While consolidation would probably result in some savings by eliminating duplicative costs, it would do little to alleviate harmful inter-municipal competition unless enacted on a widespread basis. This competition, and the negative land-use effects created by our current property-tax system, remain frustratingly absent from the tax-reform discussion.

Four years ago, there was movement for a constitutional convention to address the issue of property taxes. Governor Corzine said he favored it, then backed off and allowed the Legislature to adopt a handful of measures designed to provide incremental property tax relief (as distinct from reform), many of which have since been washed away by the state's budget crisis. Christie told the Asbury Park Press he plans to resurrect some of these ideas and use them as a “blueprint, a stepping-off point” for his administration. He added, however, that if “systemic forces” prevent reform of the property tax system by the mid-term election in 2011, he will call for a constitutional convention.

Ultimately, a structural problem requires a structural solution — and there are many possibilities: Regional school districts, as in Pennsylvania. County-run school systems, as in Maryland. Regional tax-base sharing. Municipal consolidation. Shared services. Increased state funding for education. Or some combination of some or all of these.

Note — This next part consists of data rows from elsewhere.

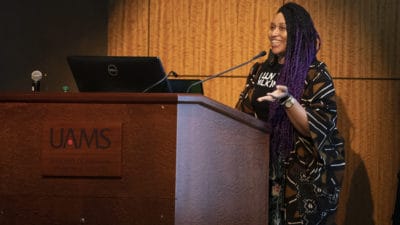 Guest speaker Crystal C. Mercer speaks about public service during the UAMS Martin Luther King Jr. Day Celebration.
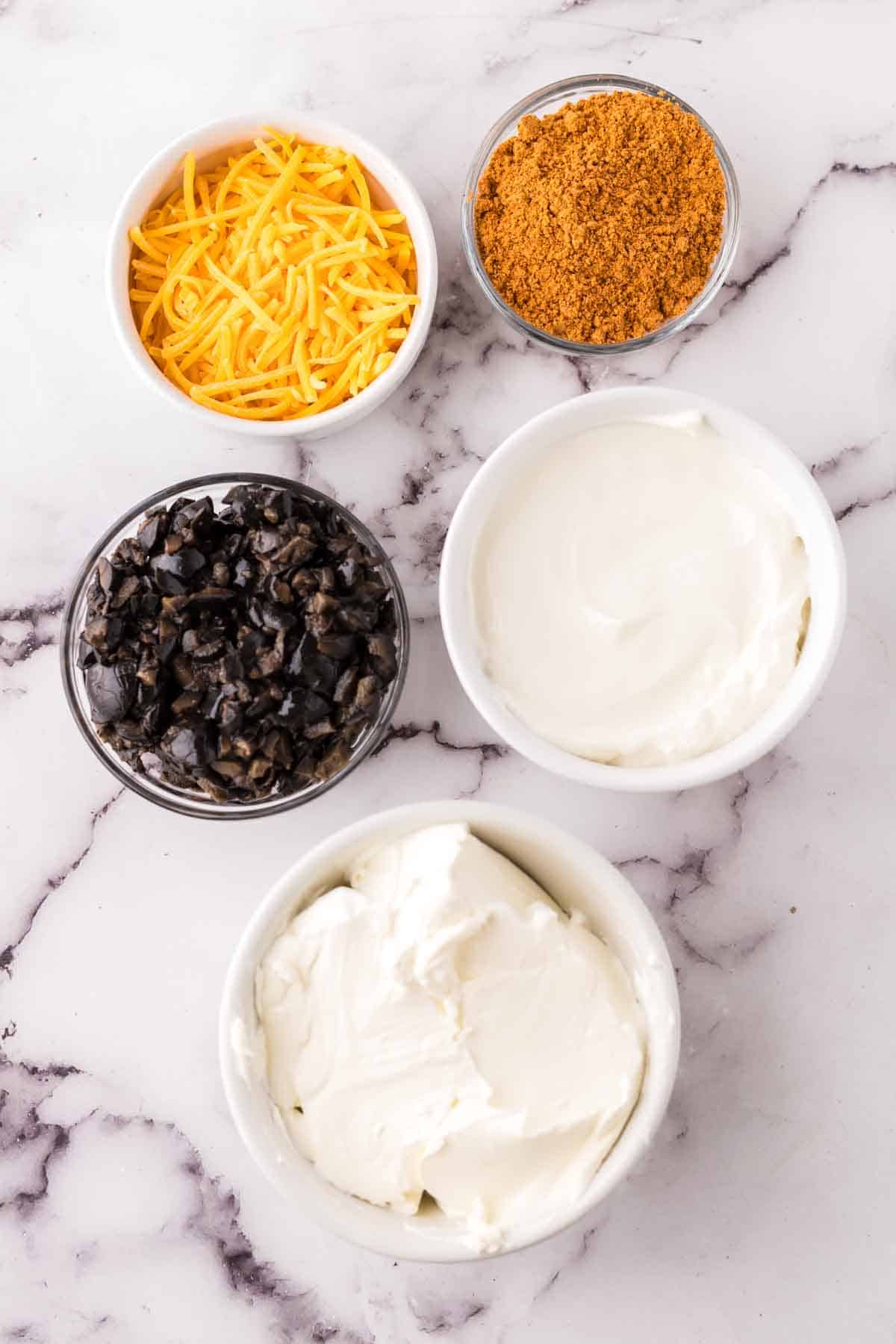 portion bowls with each raw ingredient to make taco dip.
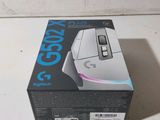 the box of a computer mouse is sitting on a table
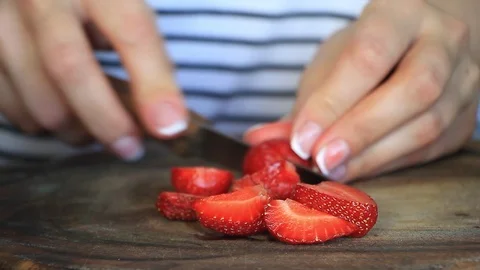 Close up of female hands slice fresh large strawberries for later use Stock Footage 109408669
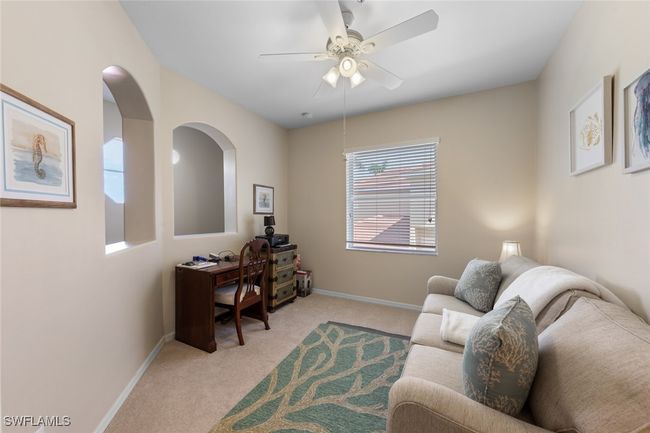 Office with ceiling fan, light carpet, and baseboards | Image 25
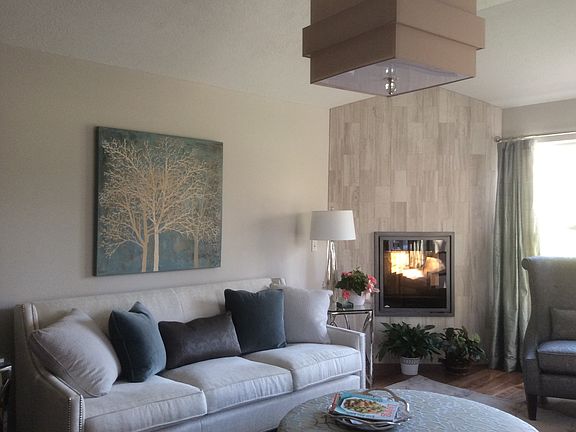 Tiled wall with elec firepla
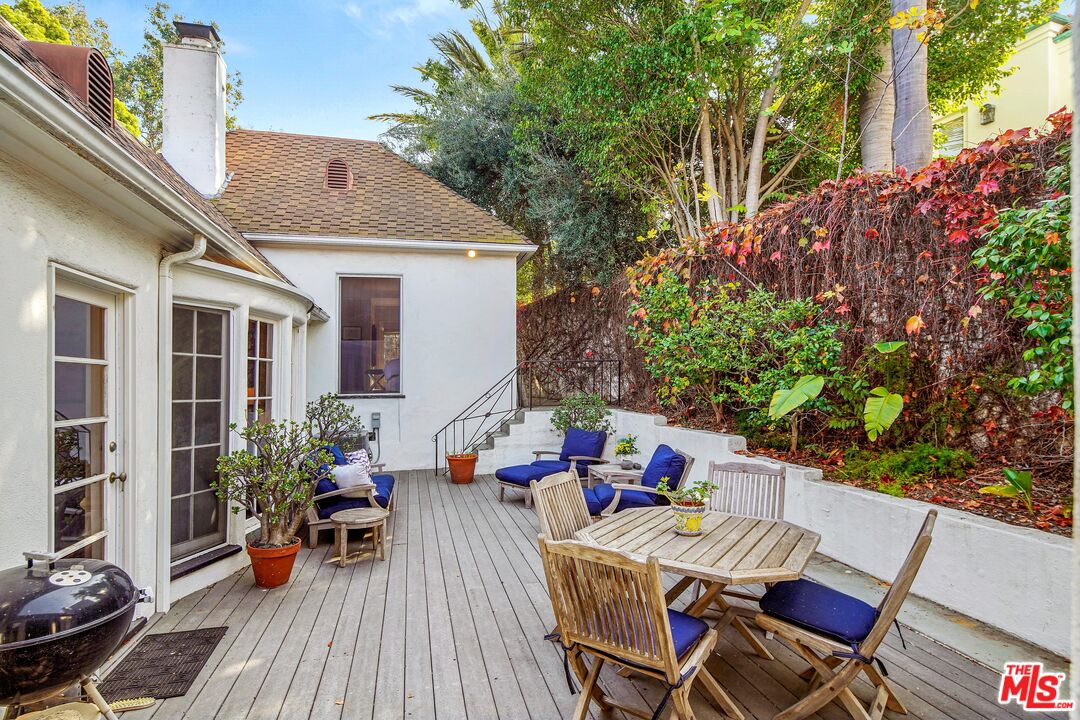 10614 Le Conte Avenue Los Angeles, CA 90024 - Photo 28 of 33 a view of a patio with table and chairs potted plants with wooden floor and fence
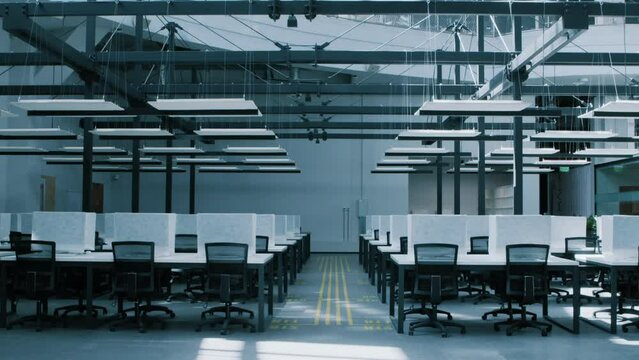 Transition to online business. Interior of empty big workspace with modern covered computers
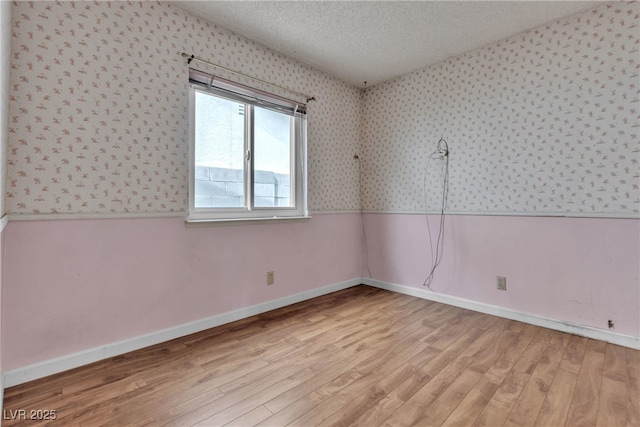 spare room featuring a textured ceiling, light wood-style floors, wainscoting, and wallpapered walls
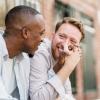 Two men sit together on a city apartment step holding hands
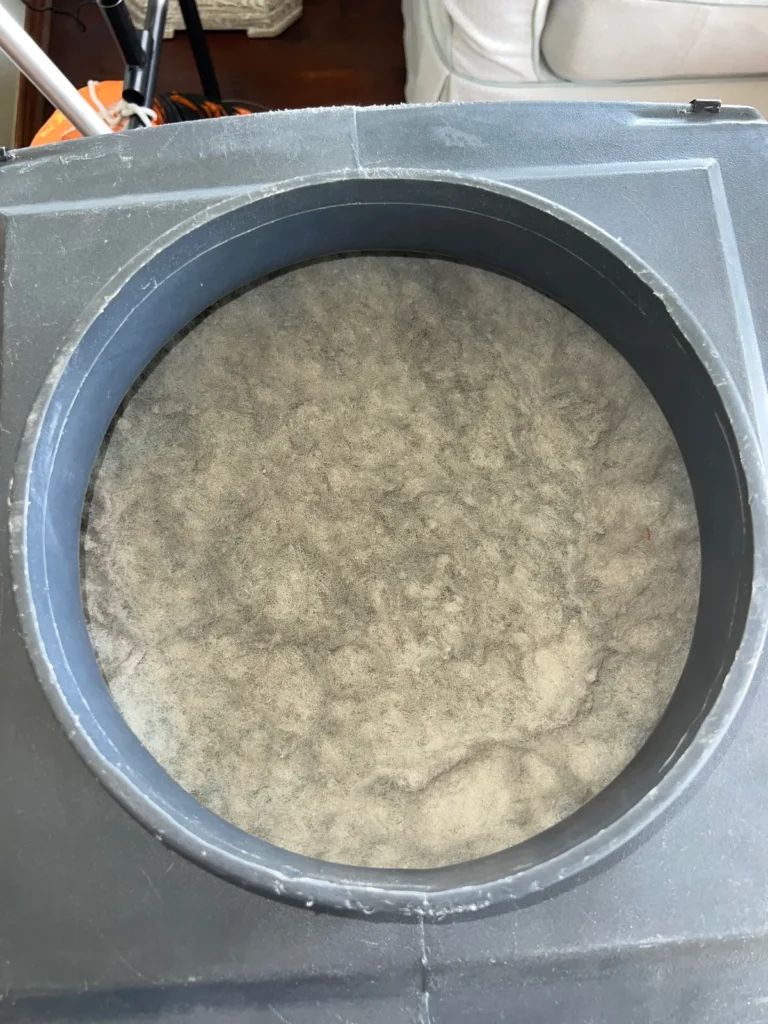 Round duct opening packed solid with gray dust and debris before cleaning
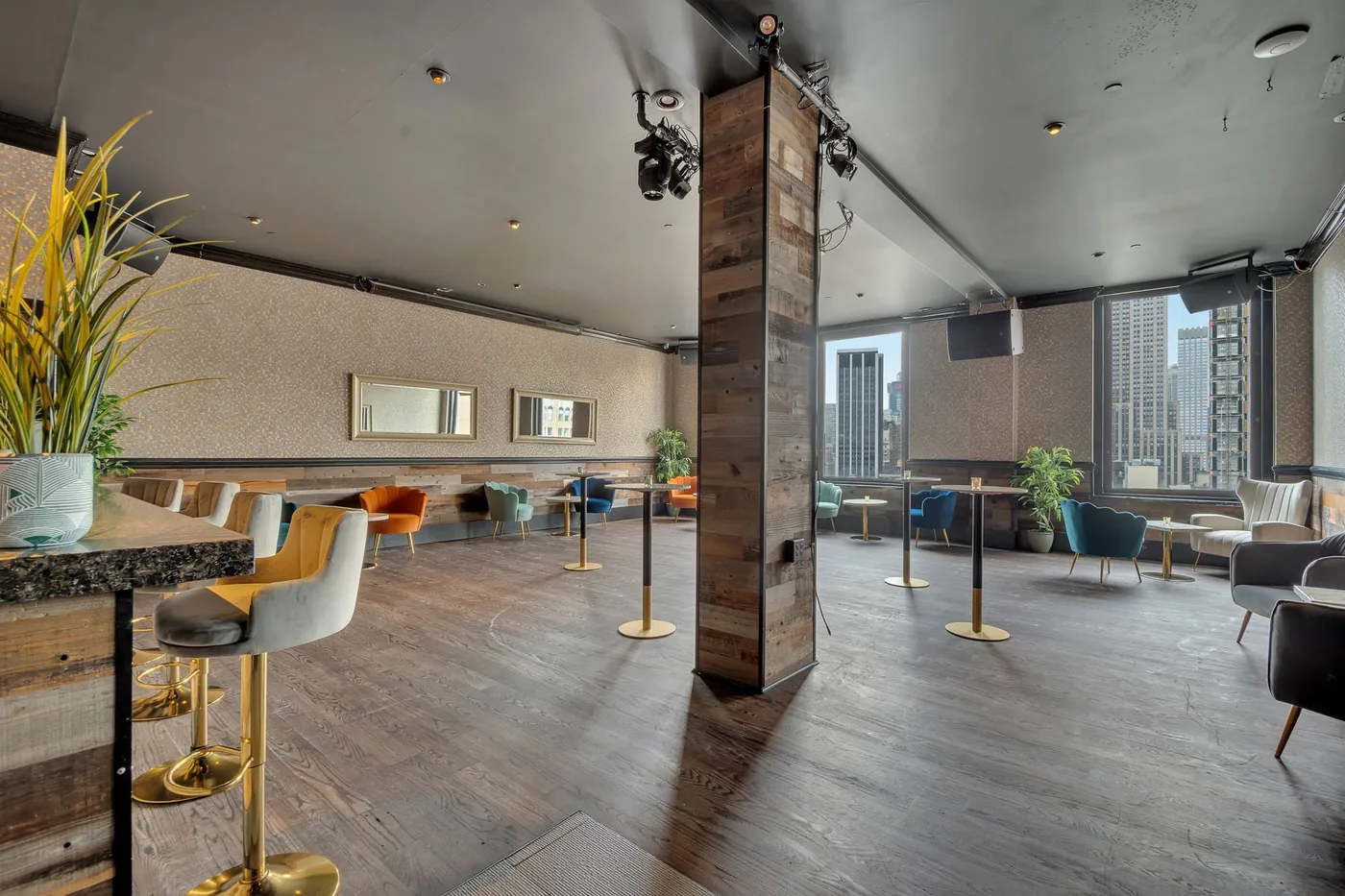 230 Fifth Rooftop - enclosed lounge windows skyline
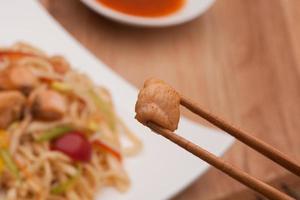 chopsticks with meat photo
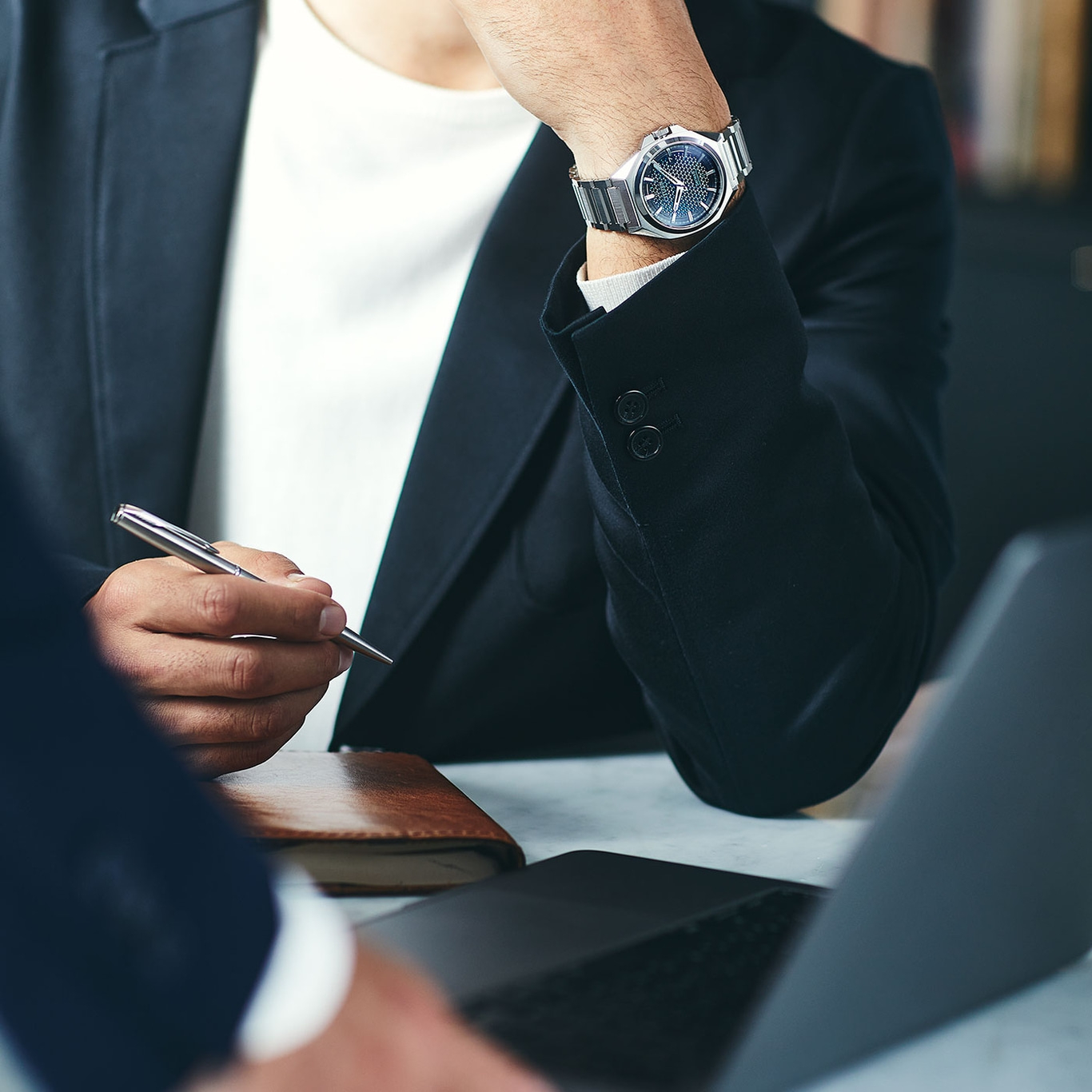 Man in suit with watch and pen, working on laptop, business meeting.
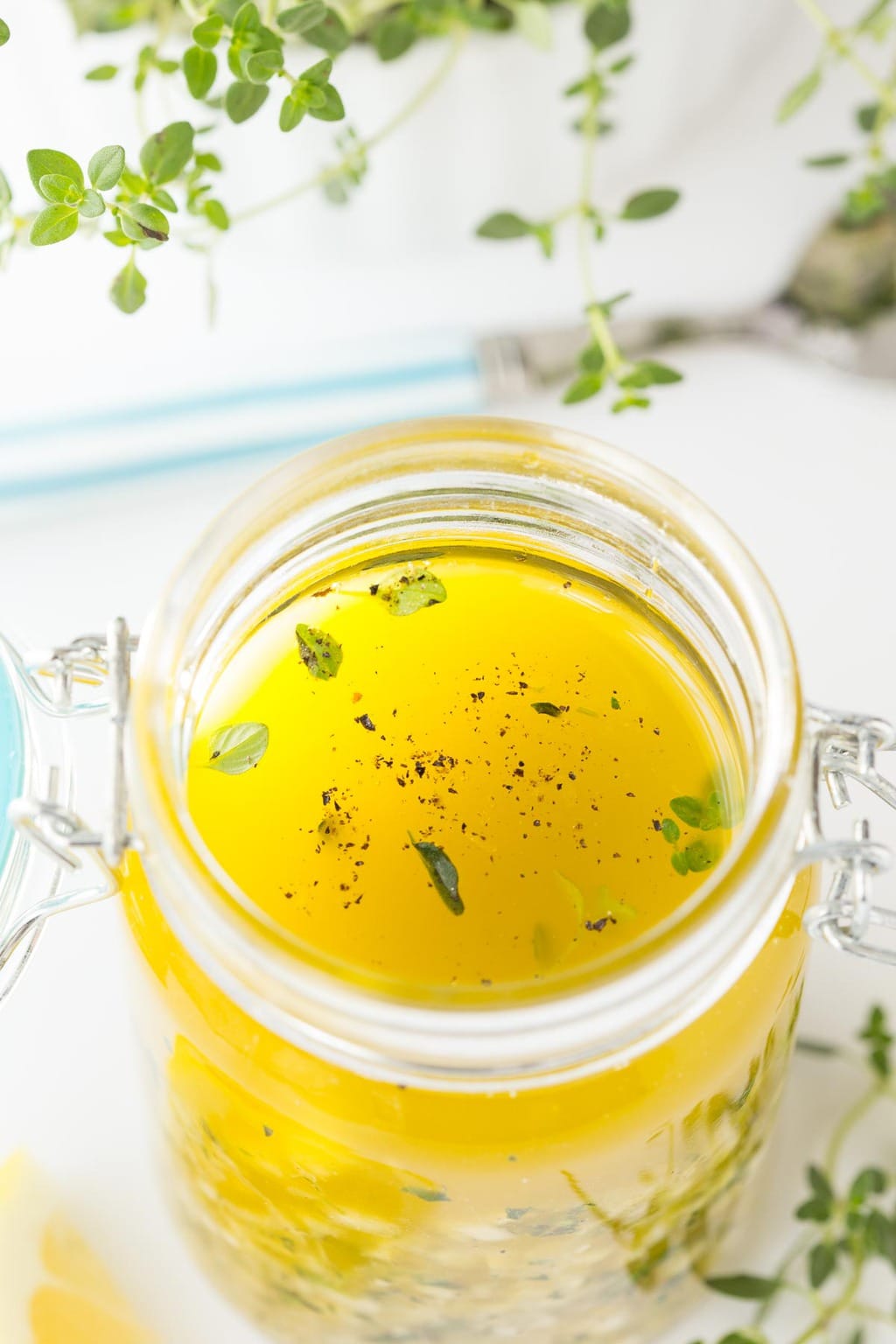 Overhead closeup photo of a jar of Whole Lemon Thyme Salad Dressing with garnishes of thyme surrounding the jar.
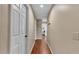 Hallway with wood floors and a view into an adjacent room at 5819 Hollyhock Dr, Lakeland, FL 33813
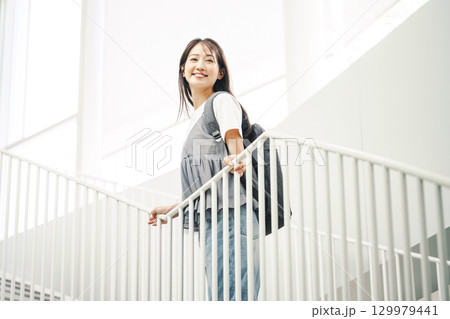 リュックを背負って一人で出かける女性 129979441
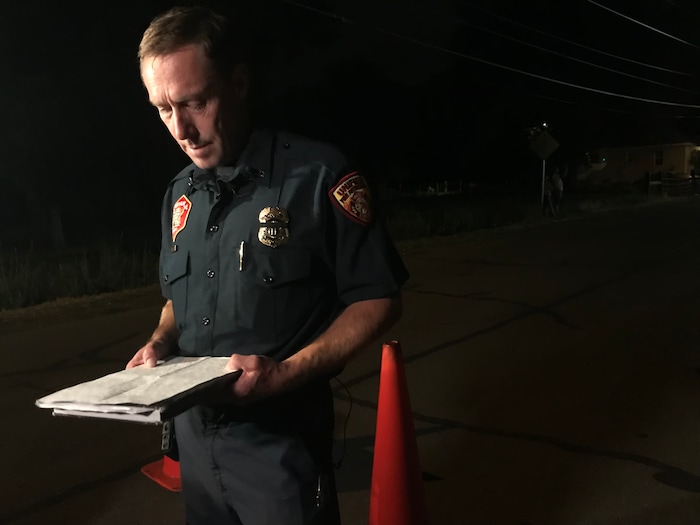 (Paighten Harkins | The Salt Lake Tribune) Unified Fire Capt. Jay Torgersen reads a statement from Draper Fire Battalion Chief Matt Burchett's family on Wednesday, Aug. 15, 2018, in South Jordan.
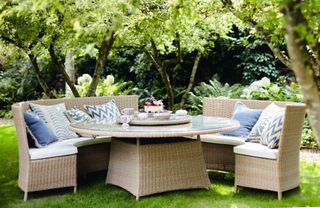 A rattan dining set in a country meadow
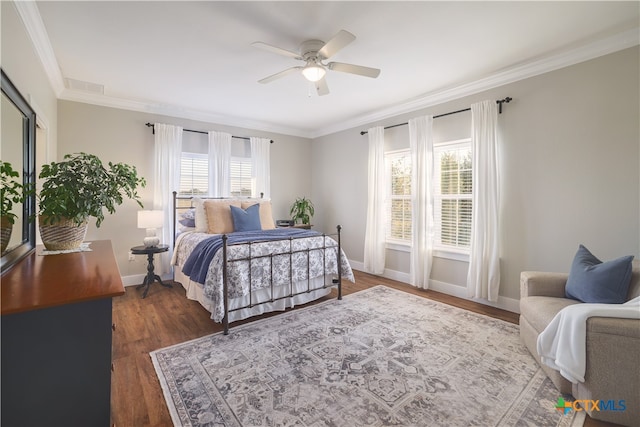 bedroom featuring dark hardwood / wood-style floors, ceiling fan, multiple windows, and crown molding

Many of Christie’s other initiatives — and, for that matter, many of the other changes in land-use practices that advocates have been promoting for decades — are unlikely to happen as long as municipalities have a disincentive to zone for more housing. And municipalities will almost certainly remain resistant to residential development as long as each municipality's residents are on the hook to fund the new schoolchildren with little outside help. Nothing short of structural solutions will change the structural disincentives that currently distort our development patterns.